Burning ★★★

Gosh, it's been a little while now since I've been left feeling let down by a film I assumed would be a "sure thing" based on its reception. I'd been mentally kicking myself for not getting around to this movie a lot sooner, having put it off for a variety of reasons, figuring it'd be a good ace up my sleeve for when I wanted to watch something great. Sadly, it didn't do it for me.

Before getting into my issues, I'd like to stress that the film is gorgeous. Beautifully shot, with lots of moody long takes, and wonderful colors, particularly in the key twilight sequences. Nothing short of stunning. The score is also great, used very sparingly, but impactfully. It's a marvelously crafted feature, and the performances are strong as well, particularly Steven Yeun's charismatic display.
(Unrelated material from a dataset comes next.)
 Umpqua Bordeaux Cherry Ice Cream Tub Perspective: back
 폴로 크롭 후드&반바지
The characters as written though feel thin, borderline nonexistant in the case of the lead. Not the fault of the actor, but his characer lacks...well, everything. Listlessly drifting about with only a mildly alluded dream of being a writer, that really isn't dreveloped or relevant at all. His primary defining trait otherwise is that of an overwhelming lust for a girl he barely knows. It's boring, it's tedious, and if the film wasn't so damn good looking, following him as he jogs around the country side for nearly half the film would've been an real problem for me.
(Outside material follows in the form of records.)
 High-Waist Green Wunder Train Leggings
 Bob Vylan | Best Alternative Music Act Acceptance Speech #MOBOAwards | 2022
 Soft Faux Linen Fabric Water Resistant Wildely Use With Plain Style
The story at its core is interesting enough, but I didn't feel there was enough added to it to justify a two and a half hour runtime. The Murakami short story it's based on is a mere 20 pages. While the film opts for a more definitive confrontation and conclusion, it pads the runtime largely by having our blank faced protaganist plod around trying to solve a mystery that really isn't difficult to figure out. And as far as a reading of class division goes, Parasite this isn't.

I hate to be so negative, but this was a real drag for me, and I'd really been looking forward to it. I'm don't revel in having an unpopular opinion; it's frustrating haha.